EXERCISE REQUIREMENTS: Transcribe the full listing without changing a word, and omit its pictures.

GIVEN MATERIAL:
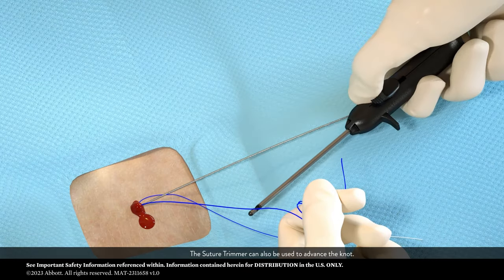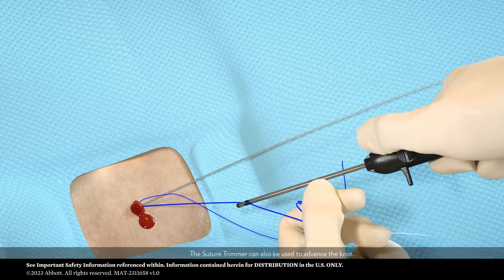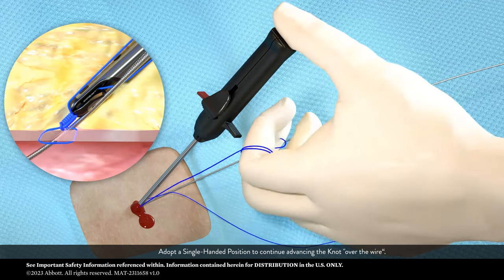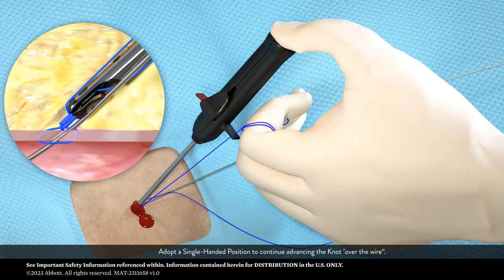The suture trimmer can be used to advance the knot. Adopt a single-handed position to continue advancing the knot over the wire. Apply slow, consistent increasing tension.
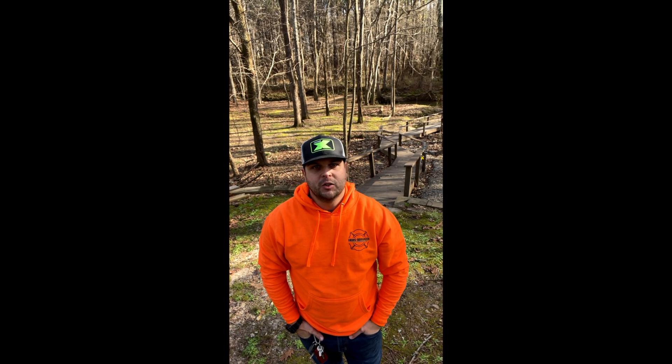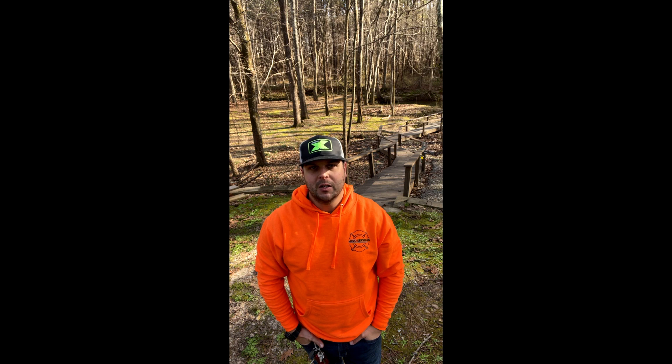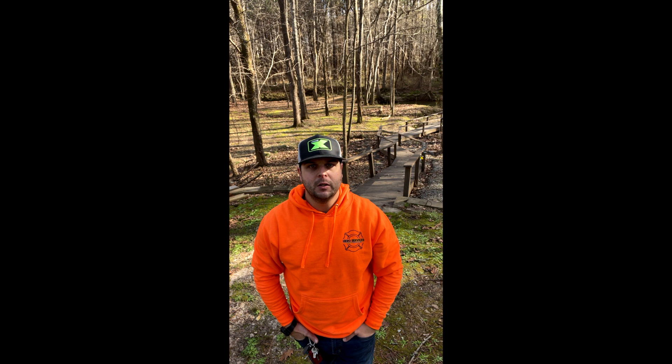Hello fellow entrepreneurs. My name is Jonathan Fernandez, owner of Hero Services Landscape and Pressure Washing Company here in Canton, Georgia. I'm also a member of ECHO's UAG program for 2022, and today we're going to start a new video series called Success with Intent.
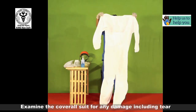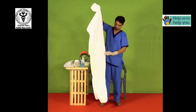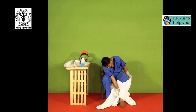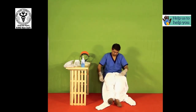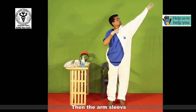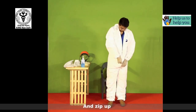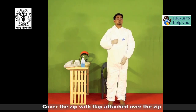Examine the coverall suit for any damage including tears. Start by wearing the leg sleeves, then the arm sleeves, and zip up. Cover the zip with the flap attached over the zip.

RESULT FOR THIS EXERCISE:
The suture trimmer can be used to advance the knot. Adopt a single-handed position to continue advancing the knot over the wire. Apply slow, consistent increasing tension.
Hello fellow entrepreneurs. My name is Jonathan Fernandez, owner of Hero Services Landscape and Pressure Washing Company here in Canton, Georgia. I'm also a member of ECHO's UAG program for 2022, and today we're going to start a new video series called Success with Intent.
Examine the coverall suit for any damage including tears. Start by wearing the leg sleeves, then the arm sleeves, and zip up. Cover the zip with the flap attached over the zip.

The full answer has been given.